Commit graph

295 commits

Author SHA1 Message Date
Tim Ledbetter
b3d5f9748a LibVideo/VP9: Ensure range decoder size is within expected range 2023-11-08 09:13:59 +01:00
Tim Ledbetter
9788576936 LibVideo/VP9: Ensure color space is not set to reserved value 2023-10-11 14:35:47 -04:00
Tim Ledbetter
068f6771ad LibVideo/VP9: Check for invalid subsampled block sizes
Previously, a corrupted block could cause
`Parser::get_subsampled_block_size()` to return an invalid value. We
now return an error in this case.
2023-10-10 23:47:13 +01:00
Tim Ledbetter
569e7173cc LibVideo/VP9: Avoid integer overflow during in place butterfly rotation 2023-10-10 23:47:13 +01:00
Tim Ledbetter
fd3837c63b LibVideo/VP9: Return error for frames with invalid subsampling format
Previously, the program would crash if this condition was encountered.
We now return a decoder error allowing for graceful failure.
2023-10-10 23:47:13 +01:00
kleines Filmröllchen
062e0db46c LibCore: Make MappedFile OwnPtr-based
Since it will become a stream in a little bit, it should behave like all
non-trivial stream classes, who are not primarily intended to have
shared ownership to make closing behavior more predictable.

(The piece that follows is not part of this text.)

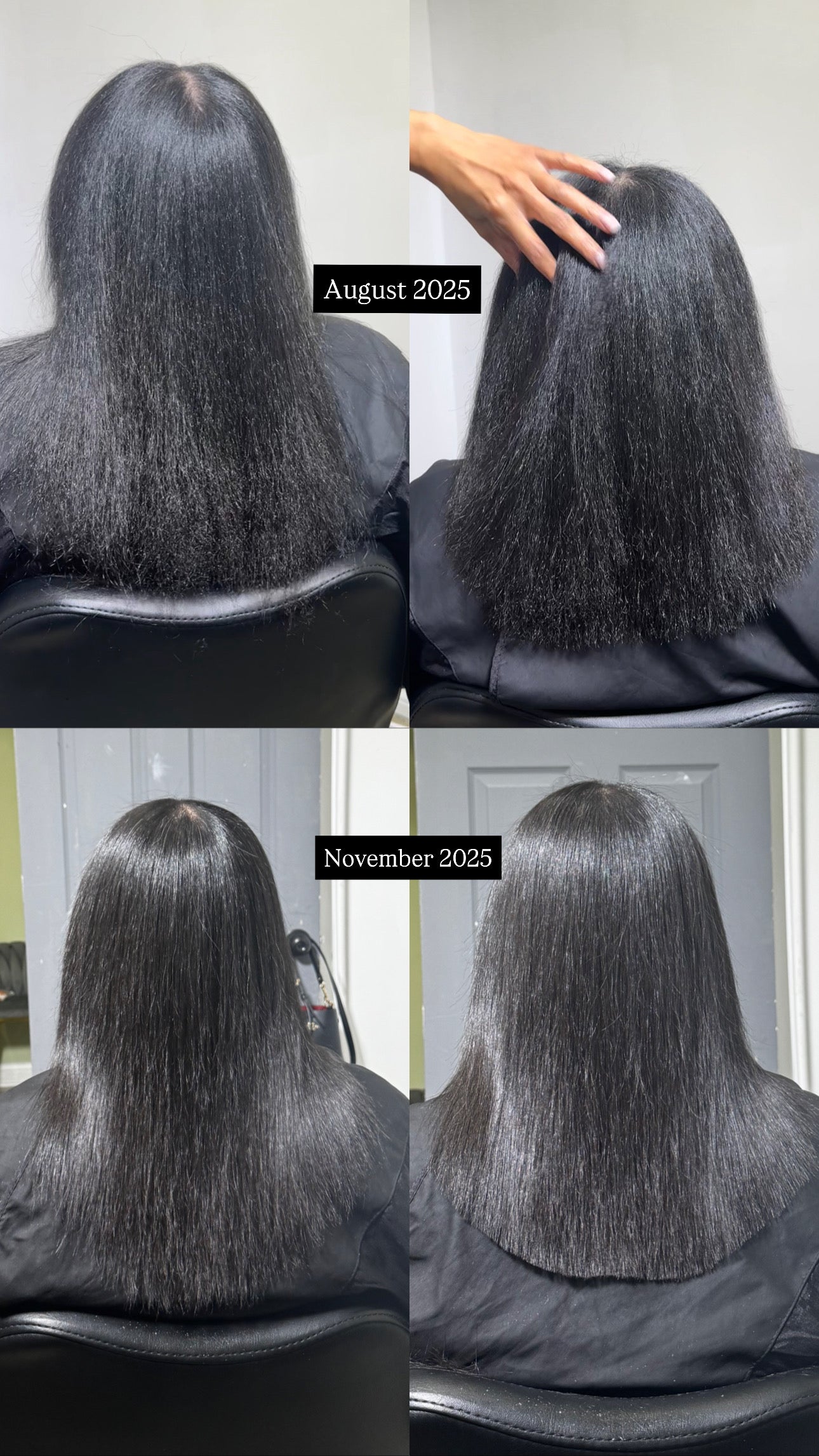 Amino Acid Smoothing Treatment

Across all
uses of MappedFile, there is only one use case of shared mapped files in
LibVideo, which now uses the thin SharedMappedFile wrapper.
2023-09-27 03:22:56 +02:00
Timothy Flynn
7c4b0b0389 LibGfx+Userland: Rename Size::scaled_by to Size::scaled
Ignoring Size for a second, we currently have:

    Rect::scale_by
    Rect::scaled

    Point::scale_by
    Point::scaled

In Size, before this patch, we have:

    Size::scale_by
    Size::scaled_by

This aligns Size to use the same method name as Rect and Point. While
subjectively providing API symmetry, this is mostly to allow using this
method in templated helpers without caring what the exact underlying
type is.
2023-08-17 09:57:30 -04:00
Andreas Kling
ddbe6bd7b4 Userland: Rename Core::Object to Core::EventReceiver
This is a more precise description of what this class actually does.
2023-08-06 20:39:51 +02:00
Sam Atkins
3f7d97f098 AK+Libraries: Remove FixedMemoryStream::[readonly_]bytes()
These methods are slightly more convenient than storing the Bytes
separately. However, it it feels unsanitary to reach in and access this
data directly. Both of the users of these already have the
[Readonly]Bytes available in their constructors, and can easily avoid
using these methods, so let's remove them entirely.
2023-07-30 19:32:52 +01:00
Lucas CHOLLET
18b7ddd0b5 AK: Rename the const overload of FixedMemoryStream::bytes()
Due to overload resolutions rules, this simple code provokes a crash:

ReadonlyBytes readonly_bytes{};
FixedMemoryStream stream{readonly_bytes};
ReadonlyBytes give_them_back{stream.bytes()};
    // -> Panics on VERIFY(m_writing_enabled);
    // but this is fine:
auto bytes = static_cast<FixedMemoryStream const&>(*stream).bytes()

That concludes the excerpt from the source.